Investigation is ongoing

Santa Fe County, N.M. authorities this week continued their investigation of the on-set shooting death of cinematographer Halyna Hutchins by actor Alec Baldwin, saying it was too early in the probe to comment on whether criminal charges will be filed. The sheriff said there appeared to be a sense of “complacency’’ on the set regarding safety measures.

Sheriff Adan Mendoza also said more than 500 rounds of ammunition —apparently a mix of blanks and dummy rounds, along with some suspected live ammunition— are among the 600 pieces of evidence that have been gathered so far in the investigation.

Additionally, Mendoza said “We believe that we have in our possession the firearm that was fired by Mr. Baldwin.
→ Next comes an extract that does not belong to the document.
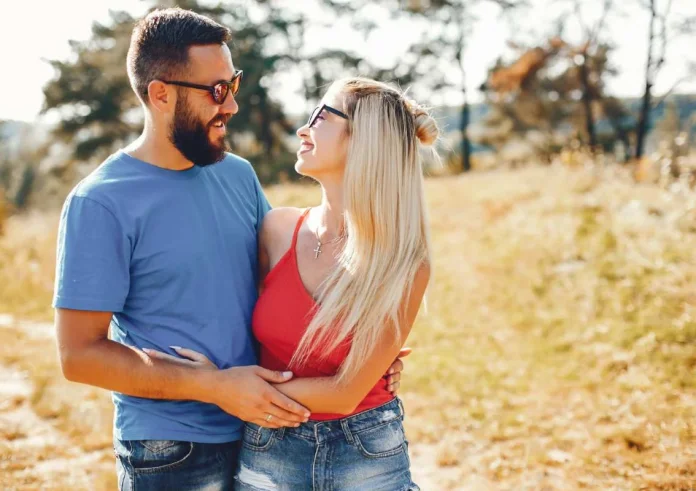 8 τρόποι να ενισχύσετε τη σύνδεση με το ταίρι σας: Μοιραστείτε συναισθήματα και δημιουργήστε αναμνήσεις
This is the firearm we believe discharged the bullet.’’

The sheriff also confirmed that a lead projectile that was apparently fired from the gun wielded by Baldwin was recovered from film director Joel Souza’s shoulder, indicating that the weapon that had been declared safe by an on-set assistant director was actually loaded with a live round.

“In reference to possible charges, it’s too early right now in the investigation to comment on charges at this point,’’ Mendoza said.

“The investigation will continue, and if the sheriff’s office determines during our investigation a crime has occurred and probable cause exists, an arrest or arrests will be made and charges will be filed. Otherwise we will complete our investigation and forward the full investigation and evidence to the District Attorney for review,’’ the sheriff said.

Santa Fe County District Attorney Mary Carmack-Altwies, likewise, said it’s too early in the investigation to comment on charges, but that all options are on the table and no one has been ruled out.

She said crew members who handled guns before Baldwin have been interviewed, and will be interviewed again.

Meanwhile, production on the movie “Rust’’ remains suspended.

Baldwin, 63, was rehearsing a scene outside a church on the set of the western “Rust’’ south of Santa Fe, New Mexico, last Thursday when he discharged the prop weapon, killing the 42-year-old Hutchins and injuring Souza, 48.

Practically since the inception of the American motion picture industry, the Antelope Valley has been home to filming westerns. Many of the expected changes in the handling of firearms and ammunition will likely take place here first.